▶ [GIVEN DATA]
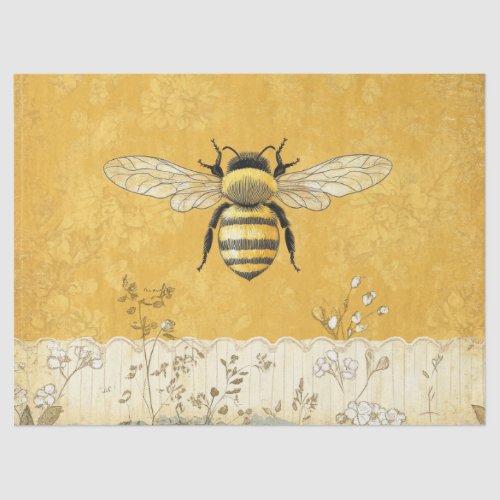 Vintage Honey Bee Wildflower Garden (3) Tissue Paper
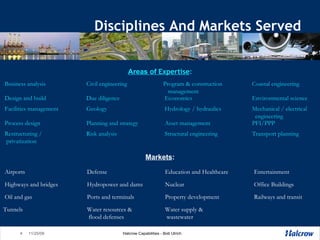 Disciplines And Markets Served Areas of  Expertise : Markets : Transport planning Structural engineering Risk analysis Restructuring / privatization PFI/PPP Asset management Planning and strategy Process design Mechanical / electrical engineering Hydrology / hydraulics Geology Facilities management  Environmental science Economics Due diligence Design and build Coastal engineering Program & construction management Civil engineering Business analysis Water supply & wastewater Water resources & flood  defenses Tunnels Railways and transit Property development Ports and terminals Oil and gas Office Buildings Nuclear Hydropower and dams Highways and bridges Entertainment Education and Healthcare Defense Airports 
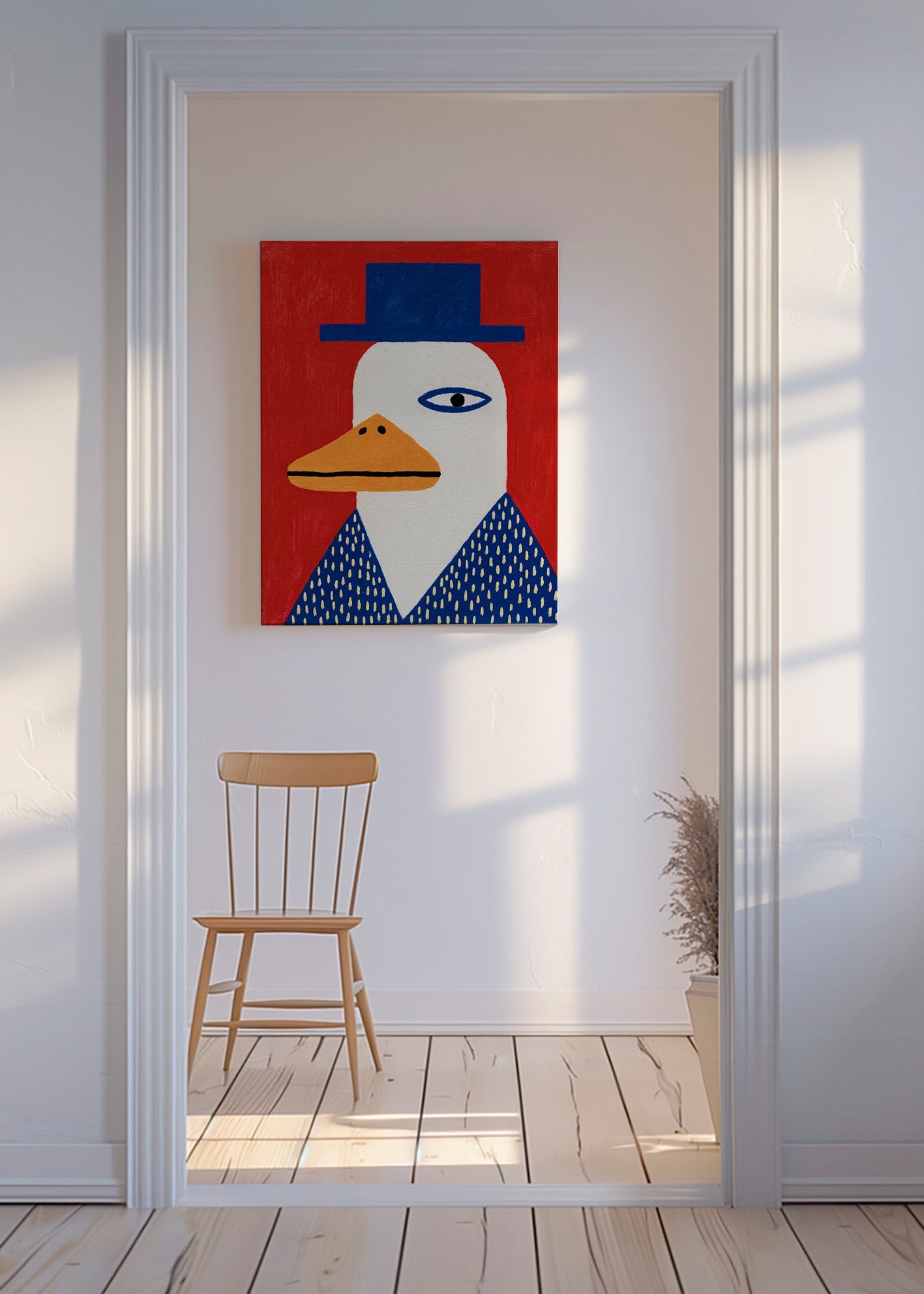 Canard en chapeau bleu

▶ [TASK ITEM] Word for word, print all of the data; skip the pictures.

▶ [RESPONSE]
 Vintage Honey Bee Wildflower Garden (3) Tissue Paper
 Disciplines And Markets Served Areas of  Expertise : Markets : Transport planning Structural engineering Risk analysis Restructuring / privatization PFI/PPP Asset management Planning and strategy Process design Mechanical / electrical engineering Hydrology / hydraulics Geology Facilities management  Environmental science Economics Due diligence Design and build Coastal engineering Program & construction management Civil engineering Business analysis Water supply & wastewater Water resources & flood  defenses Tunnels Railways and transit Property development Ports and terminals Oil and gas Office Buildings Nuclear Hydropower and dams Highways and bridges Entertainment Education and Healthcare Defense Airports 
 Canard en chapeau bleu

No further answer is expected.